Quant aux autorisations de tournage, la proposition aurait été faite aux journalistes de filmer "le sas d'entrée" et le pavillon papillon. "Ailleurs ça semblait trop compliqué par rapport aux enfants, mais nos propositions n'ont pas retenu l'attention des journalistes" déclare Emmanuelle Ajon.

Demain aura lieu l'enregistrement de l'émission. Y ont été invitées Emmanuelle Ajon,et Barbara Proffit directrice adjointe du CDEF. 

"Si cela consiste à travailler sur ce que l'on va faire demain, c'est très bien" explique l'élue.


Le 16 octobre dernier le journaliste a montré les images à la direction du centre et à des représentants du Conseil départemental. Le jour même, ces derniers faisaient un signalement auprès de l'ARS et du parquet. Un signalement relatif aux atteintes faites aux enfants et filmées dans le cadre du reportage. "C'est dans nos obligations légales" explique Emmanuelle Ajon. Depuis le parquet a ouvert une enquête.

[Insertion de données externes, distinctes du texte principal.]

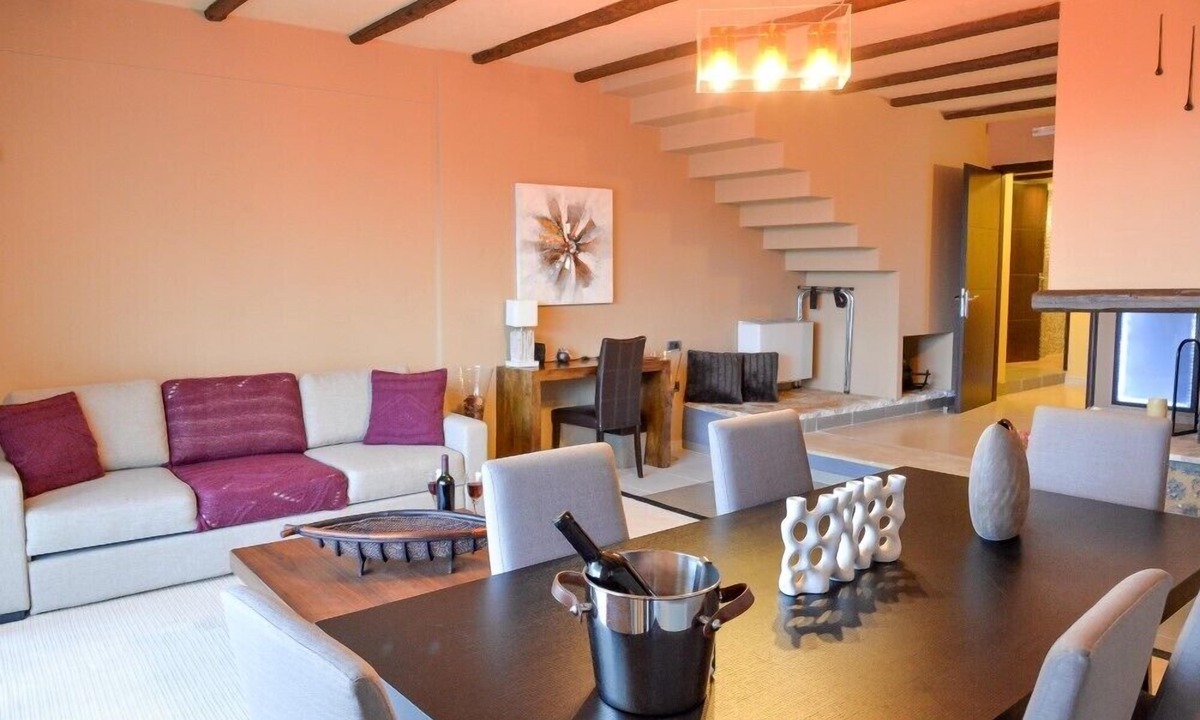Synikia Mesi Trikalon House | Vathyskia Guesthouse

En revanche aucune action en justice n'a été lancée à l'encontre du journaliste par le département ou le CDEF. Seule une lettre recommandée aurait été envoyée selon Emmanuelle Ajon, à la direction de CAPA et de France 3 "pour remettre l'histoire dans le bon sens".


Un débat, pour que cela ne se reproduise plus

La diffusion du documentaire a été programmée à 21h. Alors que normalement l'émission "Pièces à conviction" est calée sur un créneau horaire plus tardif vers 23h. "On était parti sur une émission classique mais voyant ce que ramenait Sylvain on s'est dit que cela valait un "prime". Et la direction a été d'accord exceptionnellement".

Après la diffusion de l'enquête de Sylvain Louvet est prévu un débat. Pour qu'une réflexion puisse faire suite au constat.

"J'ai été extrêmement surprise (par ce reportage), décontenancée, choquée. Ca ne devrait pas exister. C'est un dysfonctionnement. Depuis nous avons cherché à comprendre ces dysfonctionnements pour qu'ils ne se reproduisent plus", explique Emmanuelle Ajon.


Selon l'AFP, 300.000 enfants sont placés chaque année en France. "Un quart des SDF sont d'anciens enfants placés, et 30% des mineurs
délinquants", souligne Sylvain Louvet, évoquant une "bombe à retardement".
           
Seront également invités à participer à ce débat Agnès Buzyn, la ministre des Solidarités et de la Santé, ainsi que d'anciens enfants placés.